Jonathan Ferrucci at the Sala dei Giganti in Padua A Giant amongst Giants
This morning in Padua….what a way to start the day on Mozart`s birthday.
A young Italo/Australian pianist makes his Padua debut in the Sunday morning series dedicated to talented young musicians.
Jonathan Ferrucci , a young Florentine who had completed his studies recently with Joan Havill at the Guildhall in London.He had been heard by Noretta Conci-Leech and her husband John Leech in the Wigmore Hall and on their recommendation had applied to The Keyboard Charitable Trust who today presented him to the Amici della Musica in Padua.
The Amici della Musica hold concerts in the Pollini Conservatory Hall and in the historic Sala dei Giganti where I brought Vlado Perlemuter and Annie Fischer in the ‘80’s.

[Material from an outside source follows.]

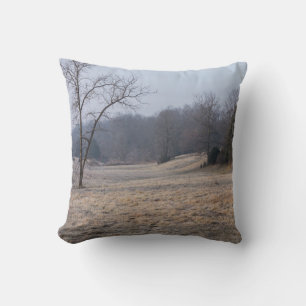 Foggy Meadow Cushion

Filippo Juvarra is still at the helm of the Amici della Musica di Padova after 50 years of inviting the finest musicians to his adored Padua.
In fact Christian Zacharias had just played a few days before in his annual recital and one of his rare appearances these days as a solo pianist.
He was a student of Perlemuter who thought the world of him.
But for three seasons now the Amici della Musica have also dedicated a special sunday morning series to talented young Italian musicians.
Filippo asks me every year who we have on the roster of the The Keyboard Charitable Trust (of which I am a trustee and artistic director together with Leslie Howard and Dr Elena Vorotko) that he could include.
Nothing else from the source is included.